The Atomic Bomb Suppressed: American Censorship in Occupied Japan (1991) by Monica Brau.
August 12, 1953: the Soviet Union conducted its first test of a boosted-fission device, a fission and fusion fuel (lithium-6 deuteride) were "layered", a design known as the Sloika (Russian: named after a type of layered puff pastry), a precursor to a true multistage thermonuclear weapon. This enabled a ten-fold increase in explosive power achieved by a combination of fusion and fission. The yield of the explosion at the Semipalatinsk Test Site in Kazakhstan was 400 kilotons.
![[Image: V7JSjuZ.jpg]](https://i.imgur.com/V7JSjuZ.jpg)
Here is video footage of that test, known as RDS-6c in the Soviet Union and "Joe 4" in the United States, so nicknamed because it was the fourth Soviet nuclear test.
Less than a year later, the Americans found out 'accidentally' just how enormously explosive lithium-6 deuteride when mixed with lithium-7, is in Operation Castle Bravo. It was 250% more powerful than the force calculated by the scientists who had engineered it. It would become known as the worst radiological disaster in history.

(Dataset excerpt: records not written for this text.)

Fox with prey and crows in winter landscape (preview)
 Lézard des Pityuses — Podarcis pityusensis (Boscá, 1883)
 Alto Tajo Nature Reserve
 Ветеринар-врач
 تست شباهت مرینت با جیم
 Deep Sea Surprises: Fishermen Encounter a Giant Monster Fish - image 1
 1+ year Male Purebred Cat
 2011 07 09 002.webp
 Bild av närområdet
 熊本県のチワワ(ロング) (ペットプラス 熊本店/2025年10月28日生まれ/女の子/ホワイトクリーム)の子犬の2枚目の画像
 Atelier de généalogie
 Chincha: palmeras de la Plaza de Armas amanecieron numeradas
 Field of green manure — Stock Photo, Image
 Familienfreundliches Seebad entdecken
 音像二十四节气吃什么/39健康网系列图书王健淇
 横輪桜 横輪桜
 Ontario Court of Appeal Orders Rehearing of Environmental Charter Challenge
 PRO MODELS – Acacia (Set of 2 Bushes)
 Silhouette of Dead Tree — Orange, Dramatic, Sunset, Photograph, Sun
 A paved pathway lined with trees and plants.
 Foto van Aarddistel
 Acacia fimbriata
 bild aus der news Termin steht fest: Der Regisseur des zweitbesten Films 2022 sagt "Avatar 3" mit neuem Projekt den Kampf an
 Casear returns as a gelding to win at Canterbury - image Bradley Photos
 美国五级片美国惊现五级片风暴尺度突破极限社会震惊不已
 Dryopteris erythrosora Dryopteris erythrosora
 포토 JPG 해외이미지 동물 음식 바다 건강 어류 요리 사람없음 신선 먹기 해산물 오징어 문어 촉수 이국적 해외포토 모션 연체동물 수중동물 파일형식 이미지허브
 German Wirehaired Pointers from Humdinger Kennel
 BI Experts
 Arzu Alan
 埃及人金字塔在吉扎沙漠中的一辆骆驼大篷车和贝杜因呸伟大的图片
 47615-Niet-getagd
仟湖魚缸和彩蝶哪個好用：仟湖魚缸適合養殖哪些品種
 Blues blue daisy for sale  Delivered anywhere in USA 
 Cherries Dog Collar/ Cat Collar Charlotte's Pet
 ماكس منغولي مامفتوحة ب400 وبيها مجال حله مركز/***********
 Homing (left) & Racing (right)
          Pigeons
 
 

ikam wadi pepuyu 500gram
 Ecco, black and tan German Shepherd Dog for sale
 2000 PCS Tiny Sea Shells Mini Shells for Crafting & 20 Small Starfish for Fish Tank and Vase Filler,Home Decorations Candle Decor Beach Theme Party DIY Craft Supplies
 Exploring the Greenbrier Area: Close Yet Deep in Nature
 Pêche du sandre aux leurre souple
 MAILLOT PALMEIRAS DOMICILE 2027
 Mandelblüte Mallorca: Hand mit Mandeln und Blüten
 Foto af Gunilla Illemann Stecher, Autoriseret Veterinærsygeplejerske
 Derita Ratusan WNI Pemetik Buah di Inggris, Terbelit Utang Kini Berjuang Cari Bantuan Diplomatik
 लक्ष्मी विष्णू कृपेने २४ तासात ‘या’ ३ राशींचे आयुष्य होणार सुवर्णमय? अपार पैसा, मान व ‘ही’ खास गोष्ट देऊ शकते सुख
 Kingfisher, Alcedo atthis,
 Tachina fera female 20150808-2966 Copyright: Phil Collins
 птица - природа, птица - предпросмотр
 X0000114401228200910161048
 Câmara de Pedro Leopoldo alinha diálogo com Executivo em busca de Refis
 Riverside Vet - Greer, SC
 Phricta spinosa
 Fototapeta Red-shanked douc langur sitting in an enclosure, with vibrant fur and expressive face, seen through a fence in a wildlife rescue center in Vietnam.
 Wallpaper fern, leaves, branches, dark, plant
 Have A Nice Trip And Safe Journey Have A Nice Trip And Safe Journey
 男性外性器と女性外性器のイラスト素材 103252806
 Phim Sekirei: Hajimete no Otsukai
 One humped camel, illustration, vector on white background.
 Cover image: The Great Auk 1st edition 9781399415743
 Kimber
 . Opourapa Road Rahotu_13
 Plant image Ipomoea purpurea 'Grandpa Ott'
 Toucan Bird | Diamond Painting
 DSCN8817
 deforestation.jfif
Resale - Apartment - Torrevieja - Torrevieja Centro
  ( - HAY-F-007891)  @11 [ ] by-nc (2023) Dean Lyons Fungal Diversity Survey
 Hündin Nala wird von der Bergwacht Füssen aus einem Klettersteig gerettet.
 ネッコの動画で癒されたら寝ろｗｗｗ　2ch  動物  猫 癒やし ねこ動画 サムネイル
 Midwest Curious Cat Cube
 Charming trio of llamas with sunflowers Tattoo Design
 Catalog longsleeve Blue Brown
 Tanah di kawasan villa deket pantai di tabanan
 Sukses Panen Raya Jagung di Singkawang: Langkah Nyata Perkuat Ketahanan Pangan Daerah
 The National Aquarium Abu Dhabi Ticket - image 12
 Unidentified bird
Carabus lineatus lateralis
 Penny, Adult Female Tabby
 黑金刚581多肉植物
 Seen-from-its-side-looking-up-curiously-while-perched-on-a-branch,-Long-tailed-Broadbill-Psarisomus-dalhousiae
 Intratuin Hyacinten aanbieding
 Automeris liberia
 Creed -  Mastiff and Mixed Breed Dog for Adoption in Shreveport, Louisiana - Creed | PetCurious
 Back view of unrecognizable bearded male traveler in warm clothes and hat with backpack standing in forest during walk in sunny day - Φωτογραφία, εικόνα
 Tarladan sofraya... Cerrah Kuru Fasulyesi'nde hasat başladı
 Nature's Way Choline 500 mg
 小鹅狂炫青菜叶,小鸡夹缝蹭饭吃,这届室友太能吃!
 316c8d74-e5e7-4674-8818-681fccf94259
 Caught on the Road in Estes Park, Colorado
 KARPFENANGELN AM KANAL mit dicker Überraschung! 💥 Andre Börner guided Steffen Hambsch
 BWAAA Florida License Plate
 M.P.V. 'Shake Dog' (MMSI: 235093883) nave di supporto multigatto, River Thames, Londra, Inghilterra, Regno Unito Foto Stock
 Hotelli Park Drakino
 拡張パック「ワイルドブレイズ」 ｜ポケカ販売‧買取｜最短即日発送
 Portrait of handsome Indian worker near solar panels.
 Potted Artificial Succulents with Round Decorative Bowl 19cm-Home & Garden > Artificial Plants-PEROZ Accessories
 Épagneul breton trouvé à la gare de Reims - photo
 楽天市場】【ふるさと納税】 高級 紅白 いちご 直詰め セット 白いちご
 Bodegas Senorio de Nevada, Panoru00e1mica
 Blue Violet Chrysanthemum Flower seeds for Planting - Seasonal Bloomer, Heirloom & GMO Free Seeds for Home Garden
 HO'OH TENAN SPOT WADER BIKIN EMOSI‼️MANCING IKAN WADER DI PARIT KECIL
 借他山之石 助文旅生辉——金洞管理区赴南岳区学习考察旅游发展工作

When did UFOs start showing up here in America, en masse? What states of matter are these non-human biologics made out of? As above, so below. It's all around us. Think physics.
August 12, 2000: during a large Russian naval exercise "Summer-X" in the Barents Sea north of Murmansk, the Oscar-class nuclear submarine Kursk (K-141) sank with 118 crew aboard. All 118 hands lost in 100 m (330 ft) of water. An official 2002 report blamed a powerful explosion triggered by leaking hydrogen peroxide fuel in an old practice torpedo.
![[Image: m2aOFY6.jpg]](https://i.imgur.com/m2aOFY6.jpg)
Vice-Admiral Ryazantsev Valery Dmitrievich differed with the government's official conclusion. Calling the official story a work of fiction. He cited inadequate training, poor maintenance, and incomplete inspections that caused the crew to mishandle the weapon.
Chapter IX. Rescue operation (Russian archived link)
In 2018, the film "The Command" released as "Kursk" overseas, and based on British journalist Robert Moore’s 2003 book "A Time to Die" dramatized the disaster and the Russian government’s inept response (according to western sources) under newly-elected President Vladimir Putin.
Movie trivia:
"Icy blackness (Kursk)", a heavy metal song by Armageddon Rev. 16:16 from the album "Sundown on Humanity".
Beginning on page 30 of the January 2, 1962 JFK fluff issue of LOOK magazine there was a multi-page feature on Fiddle & Faddle. In their 1965 Kennedy Library oral history, Jill ("Faddle) Cowan & Priscilla ("Fiddle") Wear recount JFK's reaction to their feature.
![[Image: WaBRapC.jpg]](https://i.imgur.com/WaBRapC.jpg)
![[Image: attachment.php?aid=1159]](https://rogue-nation.com/mybb/attachment.php?aid=1159)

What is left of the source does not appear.